When executing a replication workload with semisynch replication turned off and periodic
STOP SLAVE IO_THREAD thread, START SLAVE IO_THREAD (in order to simulate network
failures), the slave stopped with the following information in SHOW SLAVE STATUS:
mysql> show slave status\G
*************************** 1. row ***************************
Master_User: root
Master_Port: 19306
Connect_Retry: 1
Master_Log_File: master-bin.000001
Read_Master_Log_Pos: 1900343
Relay_Log_File: slave-relay-bin.000003
Relay_Log_Pos: 1283333
Relay_Master_Log_File: master-bin.000001
Slave_IO_Running: No
Slave_SQL_Running: Yes
Last_Errno: 0
Skip_Counter: 0
Exec_Master_Log_Pos: 1900343
Relay_Log_Space: 1900793
Until_Condition: None
Until_Log_Pos: 0
Master_SSL_Allowed: No
Seconds_Behind_Master: NULL
Master_SSL_Verify_Server_Cert: No
Last_IO_Errno: 1593
Last_IO_Error: Fatal error: Failed to run 'after_queue_event' hook
Last_SQL_Errno: 0
Master_Server_Id: 1
1 row in set (0.00 sec)
The slave error log contains:
090630 13:58:12 [ERROR] Set 'rpl_semi_sync_master_reply_log_file_pos' on master failed
090630 13:58:12 [ERROR] Slave I/O: Fatal error: Failed to run 'after_queue_event' hook,
Error_code: 1593
090630 13:58:12 [Note] Slave I/O thread exiting, read up to log 'master-bin.000001',
position 1900343
which implies that the master is at fault, however the master error log does not contain
any information about what happened.
Also, the error is reported as "Fatal", but START SLAVE IO_THREAD is able to reestablish
replication and Rpl_semi_sync_master_status converts back to ON, so how "Fatal" the error
was remains an open question.
How to repeat:
With the Random Query Generator from the mysql-test-extra-6.0 tree, mysql-test/gentest,
$ perl \
--basedir=/build/bzr/azalea-bugfixing \
--grammar=conf/replication_simple.yy \
--rpl_mode=statement \
--mem \
--mysqld=--plugin-dir=/build/bzr/azalea-bugfixing/plugin/semisync/.libs \
--mysqld=--rpl_semi_sync_master_enabled=1 \
--mysqld=--rpl_semi_sync_slave_enabled=1 \
--duration=1800 \
--queries=100000000 \
--threads=10 \
--validator=ReplicationSlaveStatus \
The ReplicationSemiSync reporter causes the slave to stop for random periods of time and
then attempt to reestablish semisynchronous replication. The ReplicationSlaveStatus
monitors SHOW SLAVE STATUS and will terminate the test as soon as the error occurs,
usually within a minute (a few START|STOP SLAVE IO THREAD cycles).
Suggested fix:
Semisynchronous replication should survive IO thread issues without throwing error
The actual cause of each failure must be present if not in SHOW SLAVE STATUS, then at
least in the error log. If the slave error log talks about a failure on the master, the
error log on the master needs to contain an entry and debug information for that failure.

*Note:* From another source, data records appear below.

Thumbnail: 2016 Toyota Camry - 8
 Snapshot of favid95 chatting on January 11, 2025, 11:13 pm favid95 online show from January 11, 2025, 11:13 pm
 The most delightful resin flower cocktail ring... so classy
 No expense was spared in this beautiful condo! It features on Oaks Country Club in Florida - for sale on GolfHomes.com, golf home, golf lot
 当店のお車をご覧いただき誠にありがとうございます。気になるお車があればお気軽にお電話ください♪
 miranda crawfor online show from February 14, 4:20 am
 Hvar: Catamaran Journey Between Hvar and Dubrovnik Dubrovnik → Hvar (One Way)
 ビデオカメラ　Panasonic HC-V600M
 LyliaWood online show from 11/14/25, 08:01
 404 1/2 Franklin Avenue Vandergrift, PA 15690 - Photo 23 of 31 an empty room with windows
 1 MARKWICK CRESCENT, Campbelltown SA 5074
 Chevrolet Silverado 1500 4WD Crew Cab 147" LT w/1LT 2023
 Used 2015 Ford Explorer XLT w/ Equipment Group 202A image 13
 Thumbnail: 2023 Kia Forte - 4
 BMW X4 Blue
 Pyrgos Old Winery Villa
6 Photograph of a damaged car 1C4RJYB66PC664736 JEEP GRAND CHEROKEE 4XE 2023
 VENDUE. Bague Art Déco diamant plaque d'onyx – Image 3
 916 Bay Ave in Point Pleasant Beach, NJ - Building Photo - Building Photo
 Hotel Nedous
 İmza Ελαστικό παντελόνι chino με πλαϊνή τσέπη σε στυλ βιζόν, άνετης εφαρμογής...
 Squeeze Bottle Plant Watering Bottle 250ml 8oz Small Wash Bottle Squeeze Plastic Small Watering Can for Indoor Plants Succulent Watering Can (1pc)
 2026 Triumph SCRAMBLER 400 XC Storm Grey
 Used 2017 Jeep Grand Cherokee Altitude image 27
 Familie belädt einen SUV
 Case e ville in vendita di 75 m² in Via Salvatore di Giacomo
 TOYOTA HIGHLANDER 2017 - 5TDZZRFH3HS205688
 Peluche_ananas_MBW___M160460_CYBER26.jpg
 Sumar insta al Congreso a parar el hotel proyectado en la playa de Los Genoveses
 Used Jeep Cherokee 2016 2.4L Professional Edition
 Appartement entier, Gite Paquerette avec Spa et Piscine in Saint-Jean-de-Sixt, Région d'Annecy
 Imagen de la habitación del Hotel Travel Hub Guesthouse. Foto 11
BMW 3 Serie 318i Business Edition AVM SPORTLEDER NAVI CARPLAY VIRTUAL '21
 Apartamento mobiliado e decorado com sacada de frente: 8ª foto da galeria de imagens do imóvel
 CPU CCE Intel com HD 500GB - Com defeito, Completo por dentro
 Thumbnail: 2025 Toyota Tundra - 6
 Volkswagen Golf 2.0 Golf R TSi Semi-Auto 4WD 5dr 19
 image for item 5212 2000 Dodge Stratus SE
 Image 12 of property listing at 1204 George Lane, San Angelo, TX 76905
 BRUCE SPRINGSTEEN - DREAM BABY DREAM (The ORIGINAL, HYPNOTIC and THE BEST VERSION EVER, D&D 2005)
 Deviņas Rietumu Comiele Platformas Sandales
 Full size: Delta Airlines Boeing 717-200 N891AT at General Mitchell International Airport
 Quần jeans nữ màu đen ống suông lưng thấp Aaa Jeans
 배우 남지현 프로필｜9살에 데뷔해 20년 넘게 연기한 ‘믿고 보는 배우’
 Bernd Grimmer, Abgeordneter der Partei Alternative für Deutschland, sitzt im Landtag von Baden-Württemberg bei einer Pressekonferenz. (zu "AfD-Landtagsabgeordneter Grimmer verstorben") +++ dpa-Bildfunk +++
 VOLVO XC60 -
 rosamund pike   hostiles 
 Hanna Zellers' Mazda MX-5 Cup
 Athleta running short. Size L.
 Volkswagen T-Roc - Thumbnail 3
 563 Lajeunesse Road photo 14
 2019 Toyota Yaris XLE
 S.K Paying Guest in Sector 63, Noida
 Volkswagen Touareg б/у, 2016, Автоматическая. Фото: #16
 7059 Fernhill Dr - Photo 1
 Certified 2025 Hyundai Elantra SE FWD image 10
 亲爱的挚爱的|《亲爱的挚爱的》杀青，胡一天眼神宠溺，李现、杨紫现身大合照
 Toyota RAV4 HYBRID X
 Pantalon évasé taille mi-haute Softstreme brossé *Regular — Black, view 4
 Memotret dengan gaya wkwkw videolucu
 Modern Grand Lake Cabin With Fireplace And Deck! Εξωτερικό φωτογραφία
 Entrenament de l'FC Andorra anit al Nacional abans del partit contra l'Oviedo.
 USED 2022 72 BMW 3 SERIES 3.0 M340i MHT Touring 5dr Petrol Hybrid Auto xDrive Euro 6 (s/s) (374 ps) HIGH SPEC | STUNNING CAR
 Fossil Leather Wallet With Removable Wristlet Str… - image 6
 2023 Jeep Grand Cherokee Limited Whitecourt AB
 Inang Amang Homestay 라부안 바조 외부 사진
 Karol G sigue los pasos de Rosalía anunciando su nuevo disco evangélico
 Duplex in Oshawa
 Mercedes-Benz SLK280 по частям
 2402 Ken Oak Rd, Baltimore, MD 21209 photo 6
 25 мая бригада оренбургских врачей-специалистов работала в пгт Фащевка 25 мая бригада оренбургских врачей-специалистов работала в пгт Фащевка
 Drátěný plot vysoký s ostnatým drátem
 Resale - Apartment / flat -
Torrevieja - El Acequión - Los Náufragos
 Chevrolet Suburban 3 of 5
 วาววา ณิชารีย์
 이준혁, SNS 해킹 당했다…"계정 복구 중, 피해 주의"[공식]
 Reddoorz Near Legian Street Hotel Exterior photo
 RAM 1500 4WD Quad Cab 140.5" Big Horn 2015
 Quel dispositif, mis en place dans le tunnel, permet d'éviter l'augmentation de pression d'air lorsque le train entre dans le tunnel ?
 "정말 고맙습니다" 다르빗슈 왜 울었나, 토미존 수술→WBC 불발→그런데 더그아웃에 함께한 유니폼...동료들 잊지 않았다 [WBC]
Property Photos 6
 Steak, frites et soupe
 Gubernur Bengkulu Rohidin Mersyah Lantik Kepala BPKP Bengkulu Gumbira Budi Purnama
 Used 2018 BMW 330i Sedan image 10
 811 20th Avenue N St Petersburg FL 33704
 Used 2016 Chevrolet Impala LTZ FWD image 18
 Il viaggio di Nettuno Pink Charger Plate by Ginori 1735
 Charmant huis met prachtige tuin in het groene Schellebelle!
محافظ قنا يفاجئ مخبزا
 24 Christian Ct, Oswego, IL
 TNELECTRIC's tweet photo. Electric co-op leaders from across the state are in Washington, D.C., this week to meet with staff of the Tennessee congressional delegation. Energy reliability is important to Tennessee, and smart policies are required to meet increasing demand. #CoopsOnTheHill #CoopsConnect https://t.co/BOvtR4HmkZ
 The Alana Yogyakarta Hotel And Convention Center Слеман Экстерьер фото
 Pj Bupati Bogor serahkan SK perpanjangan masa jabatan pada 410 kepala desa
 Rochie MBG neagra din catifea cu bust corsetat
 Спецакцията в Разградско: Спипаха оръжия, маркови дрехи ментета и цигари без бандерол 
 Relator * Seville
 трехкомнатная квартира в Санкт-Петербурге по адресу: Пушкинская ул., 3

[30 Jun 2009 13:30] Zhenxing He
The error is on slave, not on master, maybe the error message 'Set
'rpl_semi_sync_master_reply_log_file_pos' on master failed' is misleading, better say
'Send semi-sync reply to master failed'. This error is mostly caused by connection
Fatal here means that the slave IO thread has to stop because of the error, but it's
possible to restart slave IO thread.
[30 Jun 2009 13:51] Philip Stoev
The test uses only STOP SLAVE IO_THREAD and it does not attempt to disrupt the connection
between the master and the slave in any other way. Can we have extra debugging
information in case this error happens so that this can be debugged further?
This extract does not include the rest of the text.